**Description of the task**.
Your answer should be every line of the records that contains the word "stainless", copied as it stands.

━━━━

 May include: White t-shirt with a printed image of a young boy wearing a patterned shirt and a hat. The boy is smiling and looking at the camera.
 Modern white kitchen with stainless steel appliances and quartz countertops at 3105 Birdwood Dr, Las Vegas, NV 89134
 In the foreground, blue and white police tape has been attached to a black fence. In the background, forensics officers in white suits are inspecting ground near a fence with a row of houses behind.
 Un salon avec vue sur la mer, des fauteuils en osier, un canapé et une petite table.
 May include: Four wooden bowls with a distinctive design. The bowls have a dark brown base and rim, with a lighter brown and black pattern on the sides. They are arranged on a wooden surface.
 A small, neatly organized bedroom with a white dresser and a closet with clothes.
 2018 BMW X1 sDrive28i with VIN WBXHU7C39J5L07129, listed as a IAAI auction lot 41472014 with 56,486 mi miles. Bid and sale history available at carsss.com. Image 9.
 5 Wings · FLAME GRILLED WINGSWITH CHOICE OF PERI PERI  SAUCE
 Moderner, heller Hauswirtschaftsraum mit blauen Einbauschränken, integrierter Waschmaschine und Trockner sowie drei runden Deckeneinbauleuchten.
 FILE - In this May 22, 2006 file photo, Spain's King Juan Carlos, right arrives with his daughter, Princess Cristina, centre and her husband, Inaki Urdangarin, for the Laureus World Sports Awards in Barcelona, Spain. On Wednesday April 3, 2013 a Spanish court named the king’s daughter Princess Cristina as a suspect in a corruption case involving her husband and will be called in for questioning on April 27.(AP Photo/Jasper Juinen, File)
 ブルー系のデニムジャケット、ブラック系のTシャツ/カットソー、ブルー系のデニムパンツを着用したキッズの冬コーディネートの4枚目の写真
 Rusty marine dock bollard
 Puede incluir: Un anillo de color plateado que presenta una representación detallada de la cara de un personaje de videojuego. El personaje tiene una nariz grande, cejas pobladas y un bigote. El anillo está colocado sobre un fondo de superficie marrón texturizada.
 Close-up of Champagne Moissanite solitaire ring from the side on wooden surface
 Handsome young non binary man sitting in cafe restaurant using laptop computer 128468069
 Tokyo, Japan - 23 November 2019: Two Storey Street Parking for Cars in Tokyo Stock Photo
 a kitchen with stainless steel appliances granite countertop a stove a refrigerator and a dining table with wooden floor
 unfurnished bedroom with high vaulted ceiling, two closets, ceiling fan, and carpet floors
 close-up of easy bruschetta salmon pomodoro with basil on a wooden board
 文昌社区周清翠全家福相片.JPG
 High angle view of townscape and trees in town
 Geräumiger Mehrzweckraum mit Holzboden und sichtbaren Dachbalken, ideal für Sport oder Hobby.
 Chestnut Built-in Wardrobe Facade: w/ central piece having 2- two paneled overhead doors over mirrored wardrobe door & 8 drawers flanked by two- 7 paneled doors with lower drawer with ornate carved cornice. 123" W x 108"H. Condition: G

━━━━

**Task output**.
 Modern white kitchen with stainless steel appliances and quartz countertops at 3105 Birdwood Dr, Las Vegas, NV 89134
 a kitchen with stainless steel appliances granite countertop a stove a refrigerator and a dining table with wooden floor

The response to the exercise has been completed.